▶ [TASK TO COMPLETE]:
Give again, word for word, each line of the data from the first through the one containing "thumbnail image 5". Pictures stay out.

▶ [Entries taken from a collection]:
—————

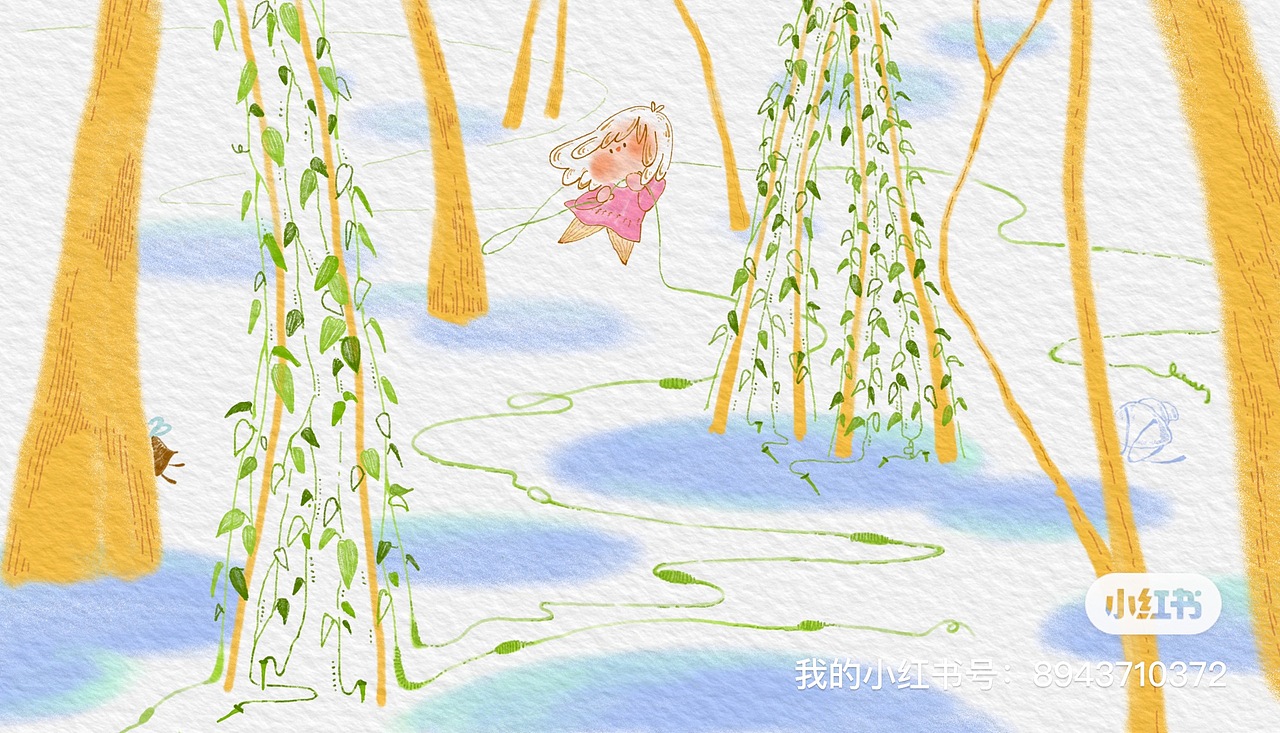 植物园小记｜创意插画速写（图ZMzU2MTM4Mjg0） - 绘本 - 站酷设计师墩条用绘本记录生原创素材 - 站酷ZCOOL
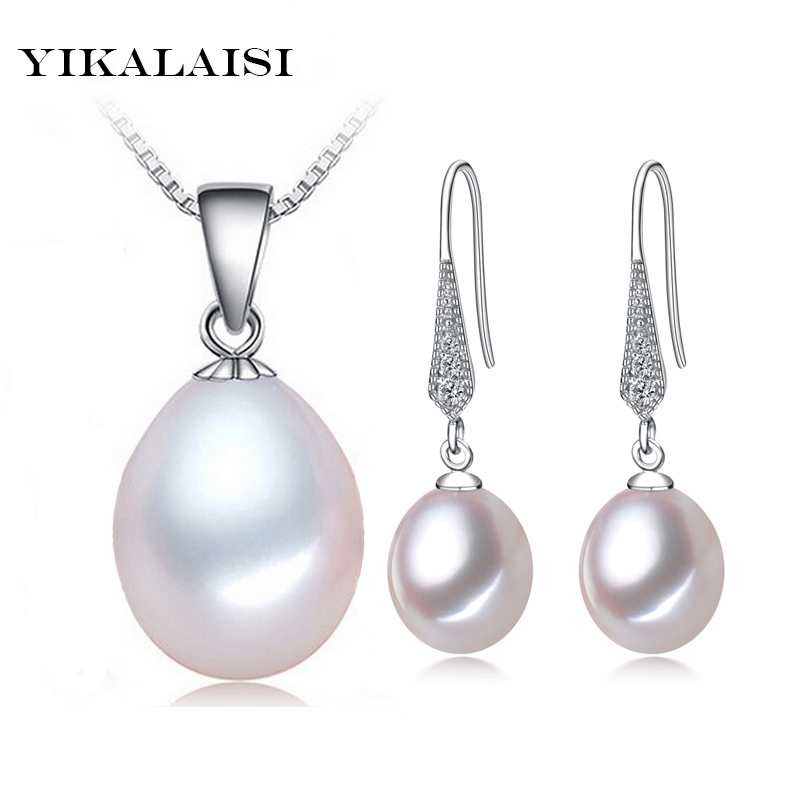 YIKALAISI 2017 natural freshwater Pearl necklace Sets pendant drop earrings 925 sterling silver jewelry for women best gifts, As pic
YIKALAISI 2017 natural freshwater Pearl necklace Sets pendant drop earrings 925 sterling silver jewelry for women best gifts, As pic
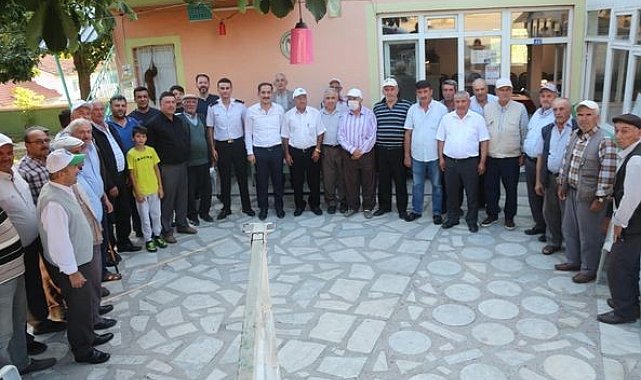 Kaymakam İpek'ten veda ziyaretleri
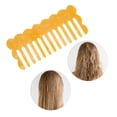 thumbnail image 5 of Unique Bargains 1 Pc Wave-shaped Hair Comb Yellow Acetate Sheet, 5 of 5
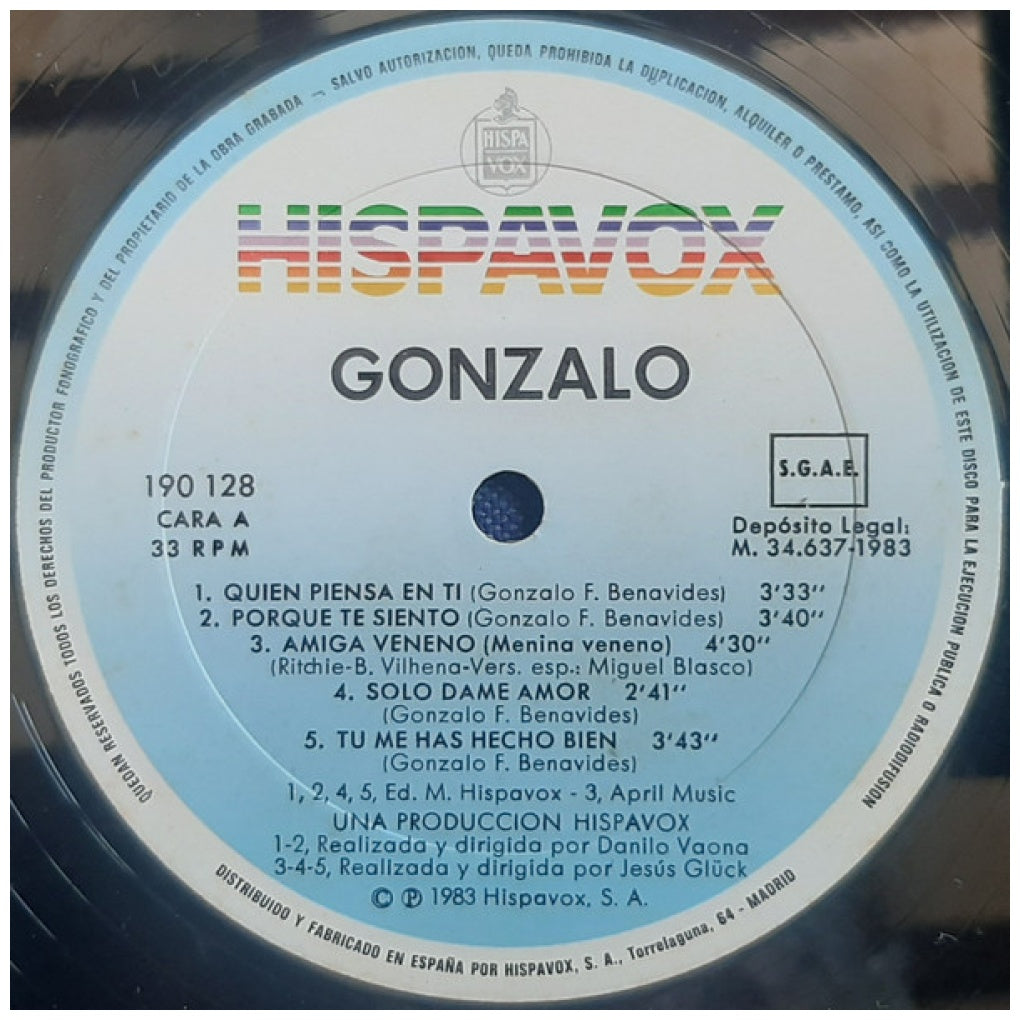 GONZALO - GONZALO | VINILO USADO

—————

▶ [TASK ANSWER]:
 植物园小记｜创意插画速写（图ZMzU2MTM4Mjg0） - 绘本 - 站酷设计师墩条用绘本记录生原创素材 - 站酷ZCOOL
 YIKALAISI 2017 natural freshwater Pearl necklace Sets pendant drop earrings 925 sterling silver jewelry for women best gifts, As pic
YIKALAISI 2017 natural freshwater Pearl necklace Sets pendant drop earrings 925 sterling silver jewelry for women best gifts, As pic
 Kaymakam İpek'ten veda ziyaretleri
 thumbnail image 5 of Unique Bargains 1 Pc Wave-shaped Hair Comb Yellow Acetate Sheet, 5 of 5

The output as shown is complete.